→ TASK DESCRIPTION
Word-for-word repetition of the records below is needed, but only from the line holding "CURSO FIGMA COMPLETO" through the final line, with pictures excluded.

+ + + +

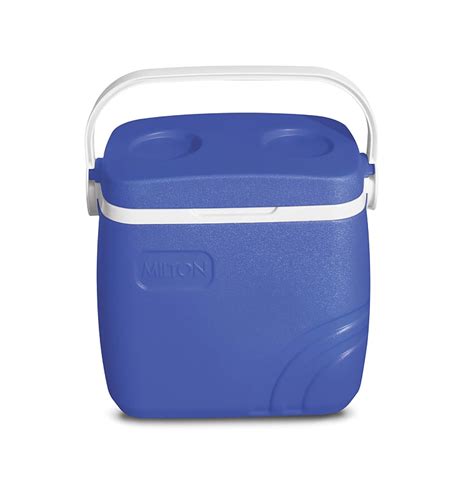 Milton Super Chill 8 Insulated Ice Pail, 7.4 litres, 1 Piece, Blue ...
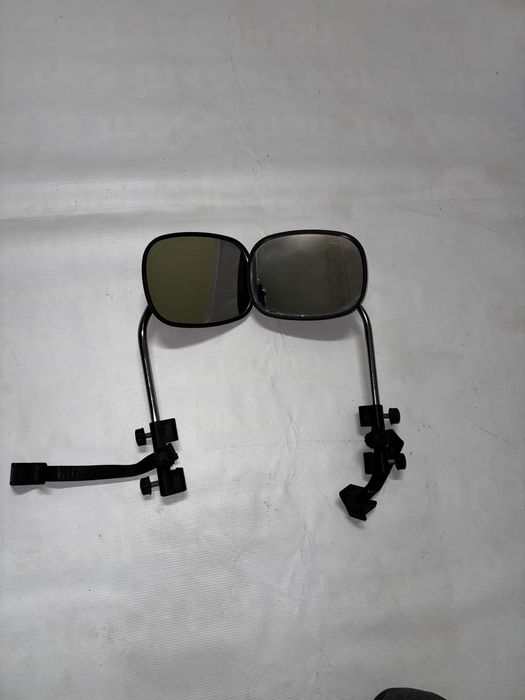 Зеркало заднего вида для лодки катера панорамное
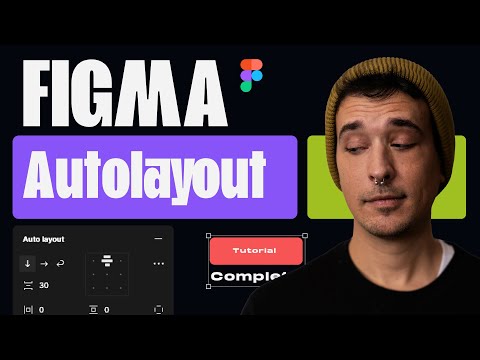  CURSO FIGMA COMPLETO 2024 DESDE CERO Y PASO A PASO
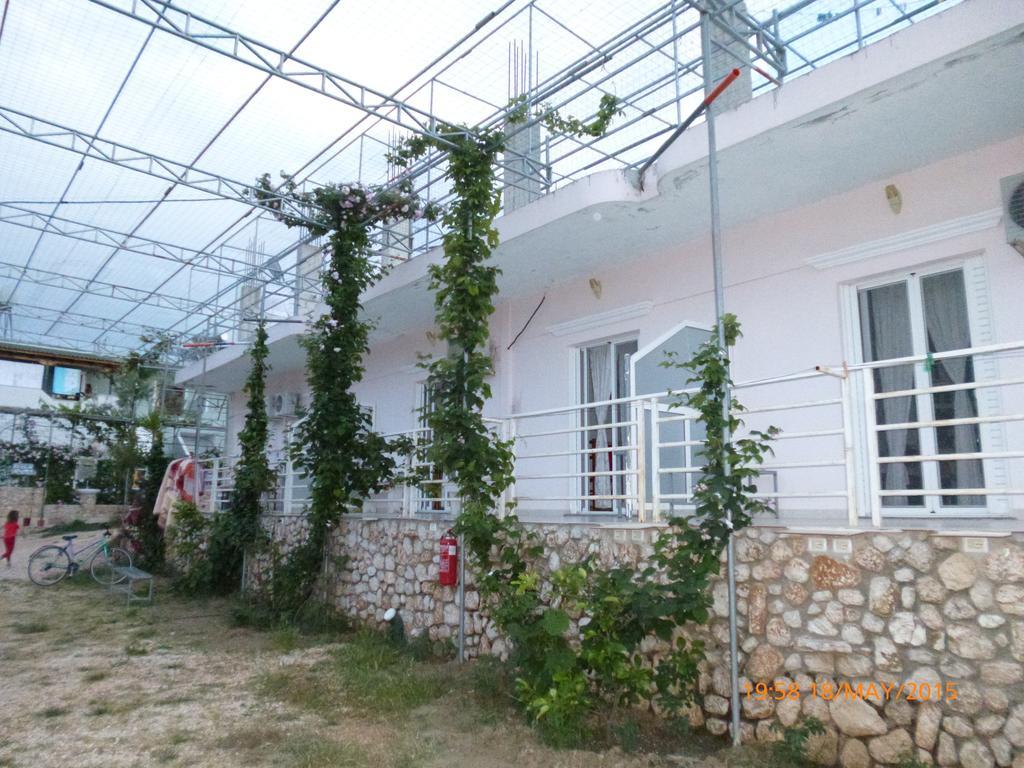 Apartments Cerro Ксамил Экстерьер фото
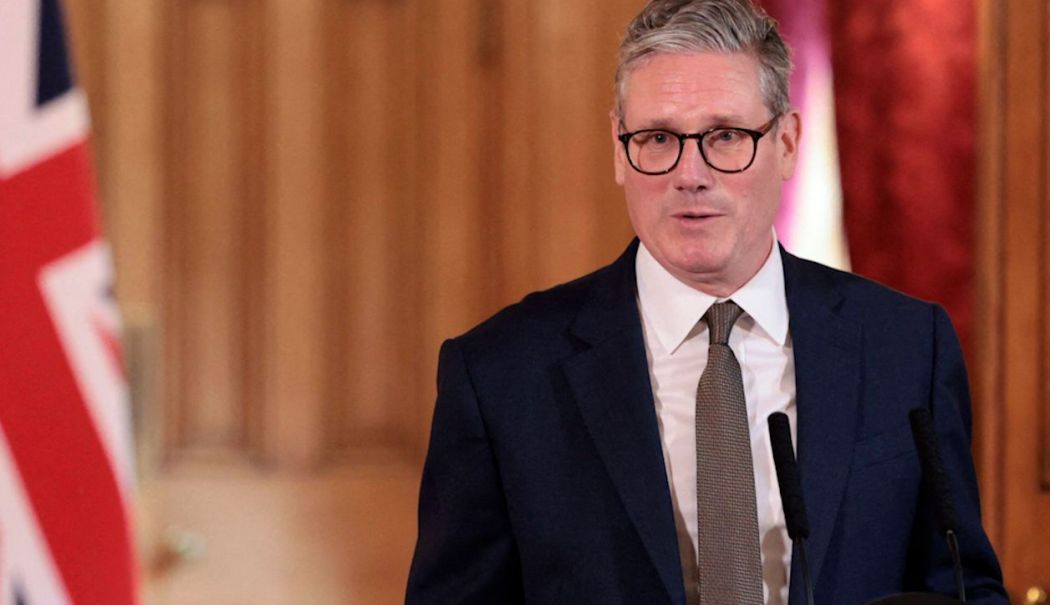 Premierul britanic Keir Starmer avertizează: „Viitorul buget va fi dureros” - 11-1724763359.jpg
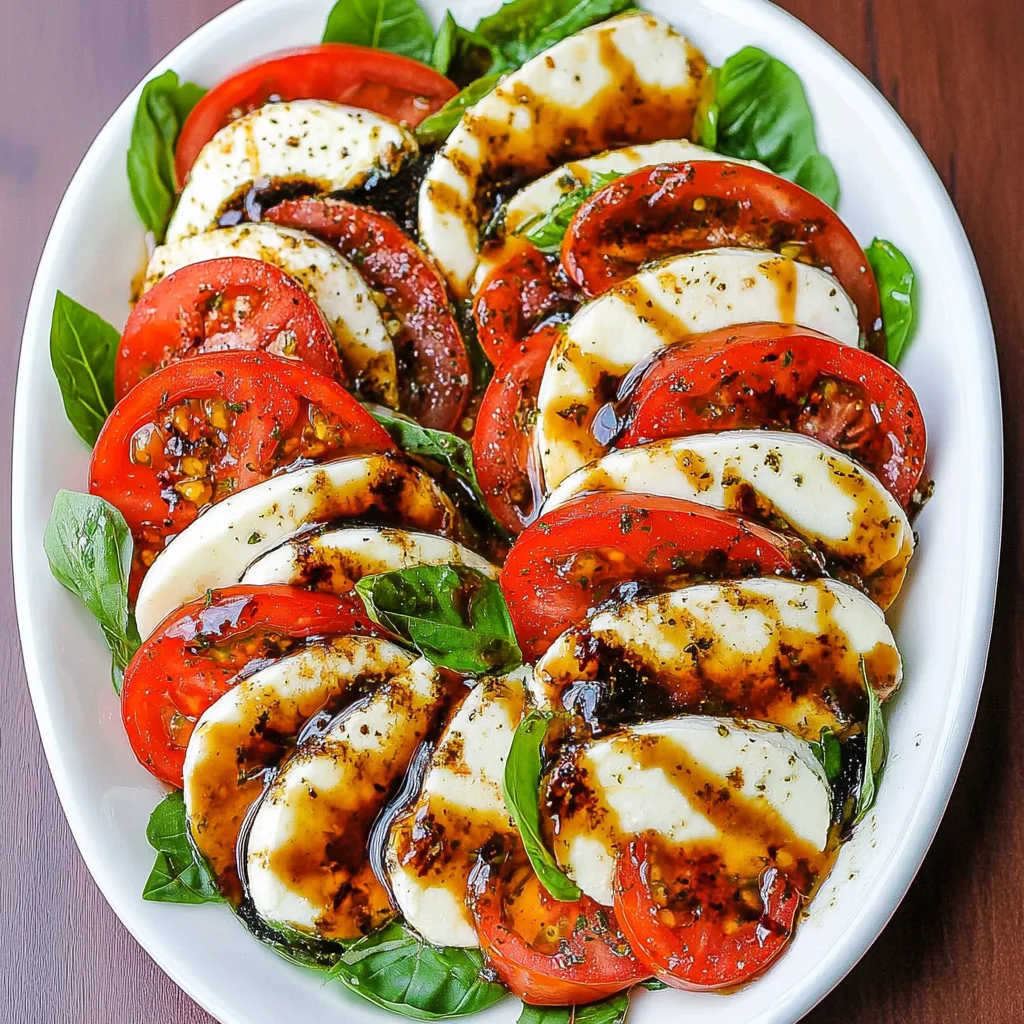 Caprese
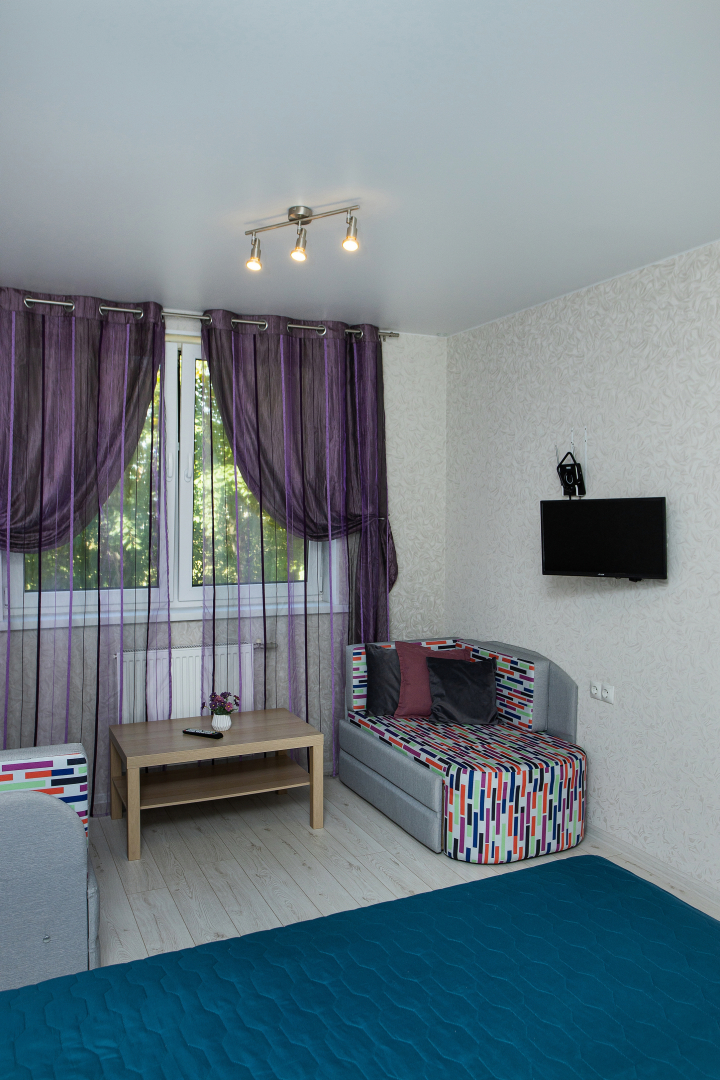 Апартаменты Mayskaya Apart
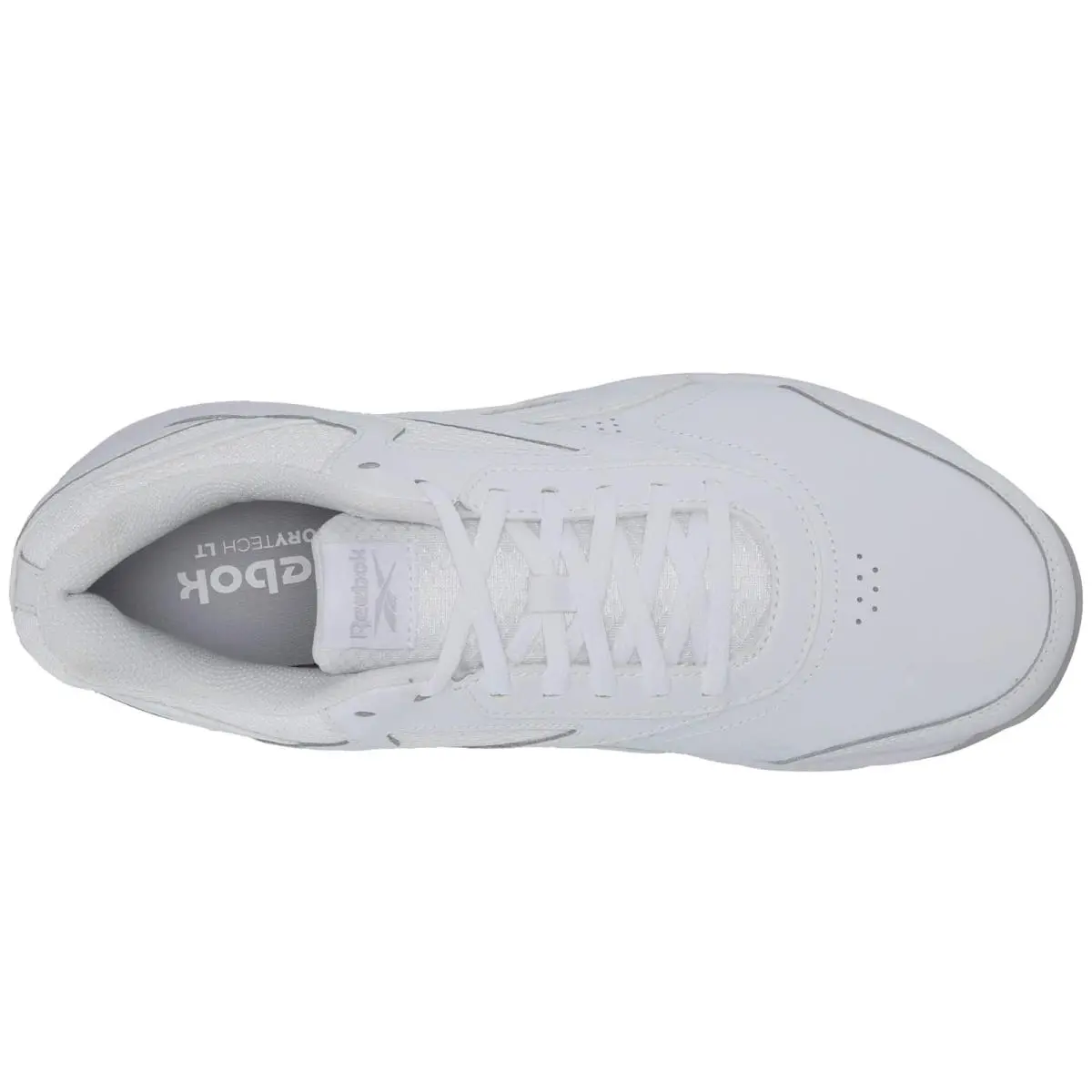 Reebok shoes - White/Cold Grey/White 0
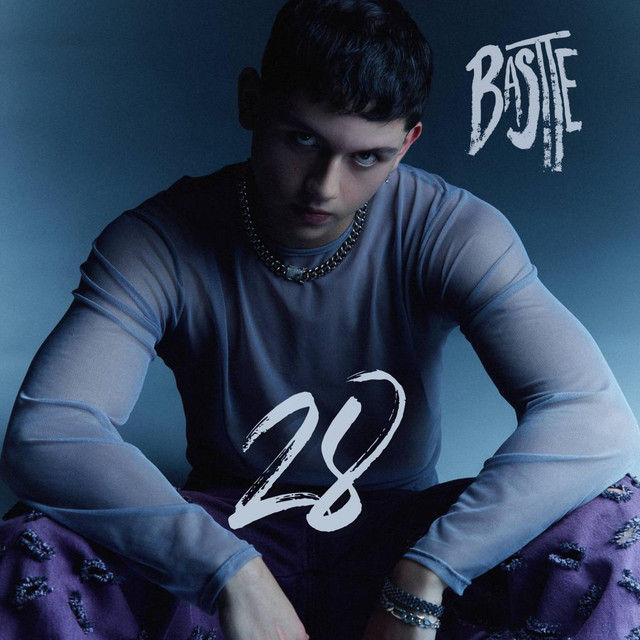 28 cover art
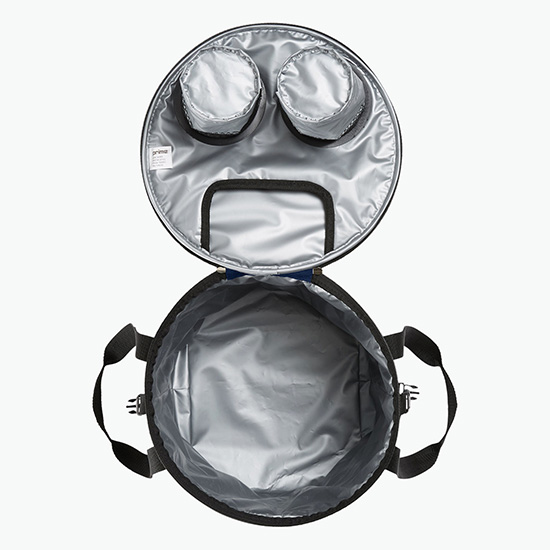 Belle Mare Pop-up Cooler - Full Color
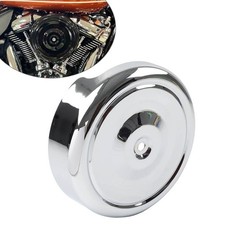 8'' runde Luftfilterabdeckung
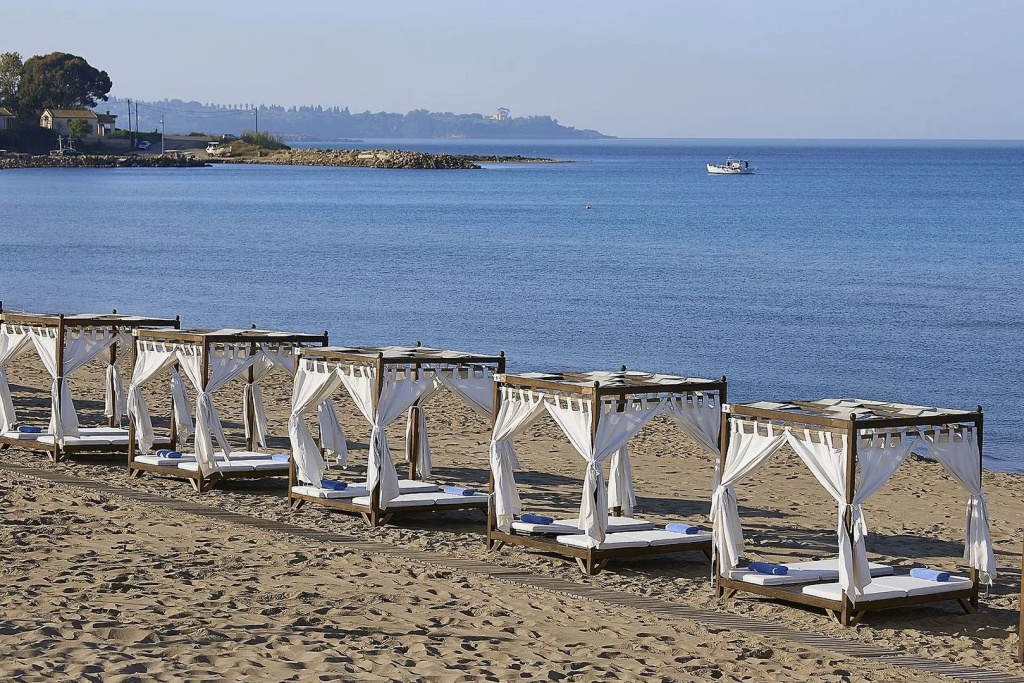 Aldemar Olympian Village - Général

+ + + +

→ WRITTEN SOLUTION
  CURSO FIGMA COMPLETO 2024 DESDE CERO Y PASO A PASO
 Apartments Cerro Ксамил Экстерьер фото
 Premierul britanic Keir Starmer avertizează: „Viitorul buget va fi dureros” - 11-1724763359.jpg
 Caprese
 Апартаменты Mayskaya Apart
 Reebok shoes - White/Cold Grey/White 0
 28 cover art
 Belle Mare Pop-up Cooler - Full Color
 8'' runde Luftfilterabdeckung
 Aldemar Olympian Village - Général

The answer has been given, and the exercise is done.